In the listing below, find the line with "Hotel Spanischer Hof Groeditz ภายนอก รูปภาพ" and the line with "Massief Industriele Tafel 200 cm bij 100 cm.". Repeat those two lines and all lines between them exactly.

**Provided data**:
Content starts

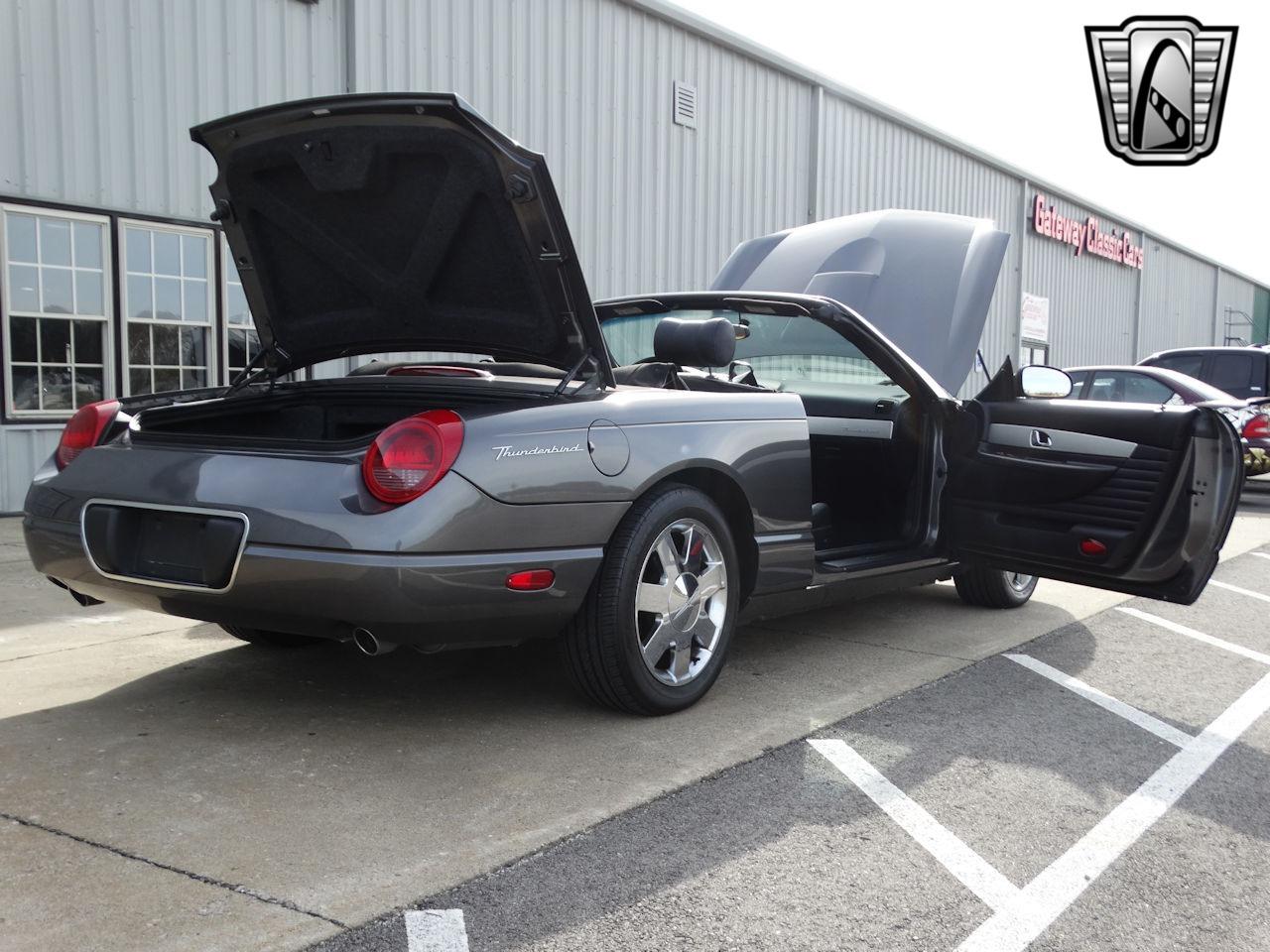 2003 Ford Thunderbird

Content ends
Content starts

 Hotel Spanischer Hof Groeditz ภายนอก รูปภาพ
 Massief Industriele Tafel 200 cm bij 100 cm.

Content ends

**Solution**:
 Hotel Spanischer Hof Groeditz ภายนอก รูปภาพ
 Massief Industriele Tafel 200 cm bij 100 cm.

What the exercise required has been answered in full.